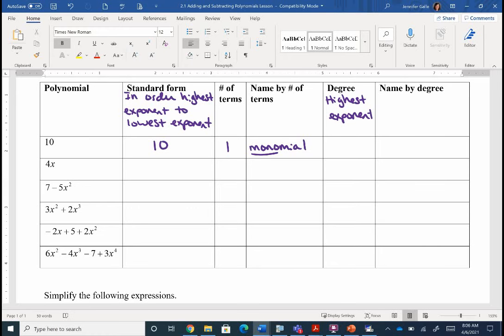Now the degree of this one — it says the highest exponent, and those exponents we're talking about are for a variable. Do I have any variables? No, I don't have any variables. So my degree for this one is actually a zero. It's the highest exponent for a variable; if you don't have any variables, your degree is considered a zero. So naming this polynomial by the degree, this is what we call a constant — just a plain number. If there's no variable with it, it can't change. That 10 is going to remain constant.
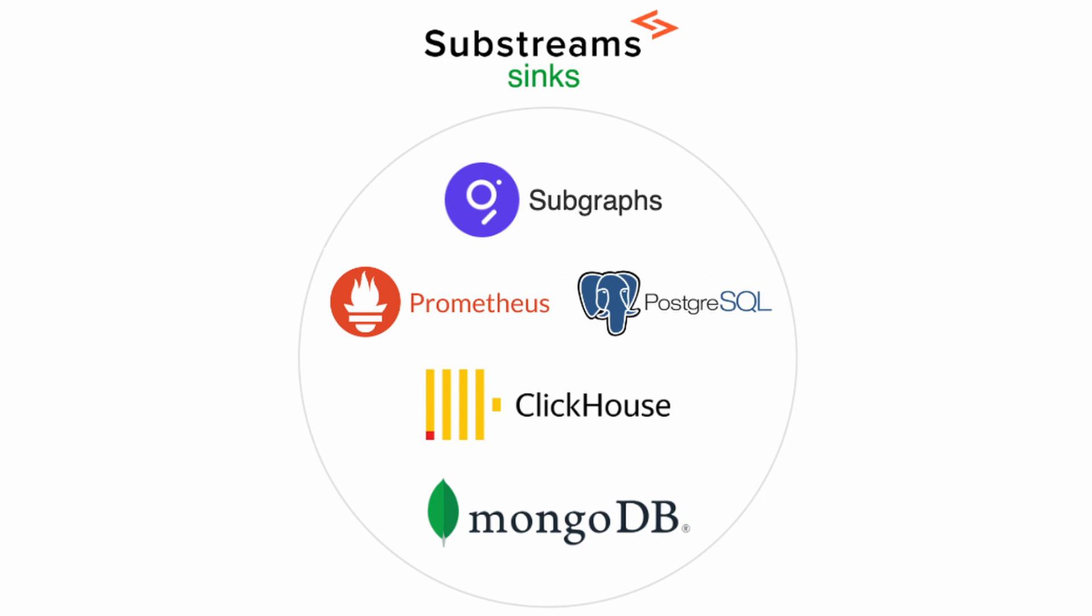Optionally, you can also send the extracted data to one of the sync integrations for further processing. Among the supported integrations you can find SQL, MongoDB, or Prometheus.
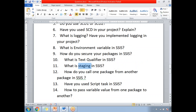Next: how do you call one package from another package in SSIS? There are many ways to do this. By default, you use the Execute Package Task — with the Execute Package Task, you can call one package from another package.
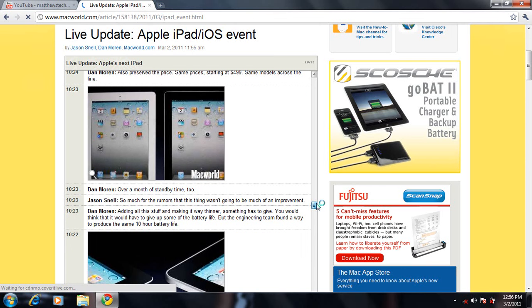It also comes in black and white, and it'll be shipping on March 11th so you can get the iPad 2 very soon.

EXERCISE PROMPT
Please output all the data exactly as given, with the pictures omitted.

ANSWER TO THIS EXERCISE
Now the degree of this one — it says the highest exponent, and those exponents we're talking about are for a variable. Do I have any variables? No, I don't have any variables. So my degree for this one is actually a zero. It's the highest exponent for a variable; if you don't have any variables, your degree is considered a zero. So naming this polynomial by the degree, this is what we call a constant — just a plain number. If there's no variable with it, it can't change. That 10 is going to remain constant.
Optionally, you can also send the extracted data to one of the sync integrations for further processing. Among the supported integrations you can find SQL, MongoDB, or Prometheus.
Next: how do you call one package from another package in SSIS? There are many ways to do this. By default, you use the Execute Package Task — with the Execute Package Task, you can call one package from another package.
It also comes in black and white, and it'll be shipping on March 11th so you can get the iPad 2 very soon.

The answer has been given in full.